When Samantha Crowe-Hernandez packs her three young children into the car for a Sunday afternoon visit with their great- grandparents, she’s bearing a special gift—a living testament to the Cherokee people’s resilience despite centuries of repression, a promise that the Cherokee language, once given up for lost, is being reborn.

Crowe-Hernandez’s three children have been immersed in the Cherokee language since infancy at the New Kituwah Language Academy, a day-care and elementary school on the Cherokee Reservation in the Smoky Mountains of Western North Carolina.

Seventy years ago, Crowe-Hernandez’s grandparents grew up hearing and speaking nothing but Cherokee in the traditional Snowbird community, a stronghold of Cherokee people and culture that borrows its name from the remote and rugged Snowbird Mountains outside Robbinsville, N.C. But they purposely didn’t pass the language on to their own seven children.

The white world looked down on speaking Cherokee as ignorant and backward. Like so many of their generation, they were forced into government boarding schools where speaking their native tongue came with the risk of a beating and having their mouth washed out with soap.

“They get emotional because they say it has been so long since they’ve heard children speak Cherokee,” Crowe-Hernandez said about her family’s elders. “That’s not something they could even fathom, that there would be a new generation of speakers.”

Sadly, over just two generations’ time, the language nearly ceased to exist. The number of fluent speakers in the Eastern Band of Cherokee Indians dwindled to just 300 people out of the tribe’s 14,000 members, mostly elderly.

But today, thanks to the New Kituwah Language Academy, Crowe-Hernandez’ baby spoke her first word—mommy—in Cherokee.

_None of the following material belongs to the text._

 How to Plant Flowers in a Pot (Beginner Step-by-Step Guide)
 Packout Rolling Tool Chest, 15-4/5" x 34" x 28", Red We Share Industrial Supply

Dozens of children are learning Cherokee as infants and becoming fluent themselves as they move up through the grades.

A sign hanging over the front entrance proclaims in all-capital letters “ENGLISH STOPS HERE.”

“If you think about how folks practice and learn English, they are surrounded by it. It is embedded in everything around them,” said Charlie Myers of the Cherokee Preservation Foundation, which helps fund language immersion. “We are trying to create that environment for the Cherokee language.”

Now, instead of speaking Cherokee in the home and absorbing English at school, it’s the other way around.

Switching between languages—Cherokee at school, English at home—isn’t hard to Makala McGaha, an 8-year-old at New Kituwah. Makala’s mother, as with nearly all the parents who send their kids to New Kituwah, knows only limited Cherokee herself. She is trying to learn, but “it’s real hard for her,” Makala said of her mom.

For the kids, however, it’s second nature—which, indeed, is the entire concept behind an immersion school.

“Those kids, the second you tell them a new word, they know it,” said Shayla Jackson, a Cherokee college student who interned at the academy last summer.

Cherokee is the only Native American language with a written alphabet, invented in the early 1800s by the Cherokee man Sequoyah. Technically called a syllabary, the 86 characters may seem daunting to decipher, but Prarie Toineeta, a third-grader at New Kituwah, rattles through the intricate characters with ease.

“It’s easy,” Prarie said. Sticking out her finger, she began writing the syllabary in the air while reciting their sounds “ga, tsa, di, li, me, na….”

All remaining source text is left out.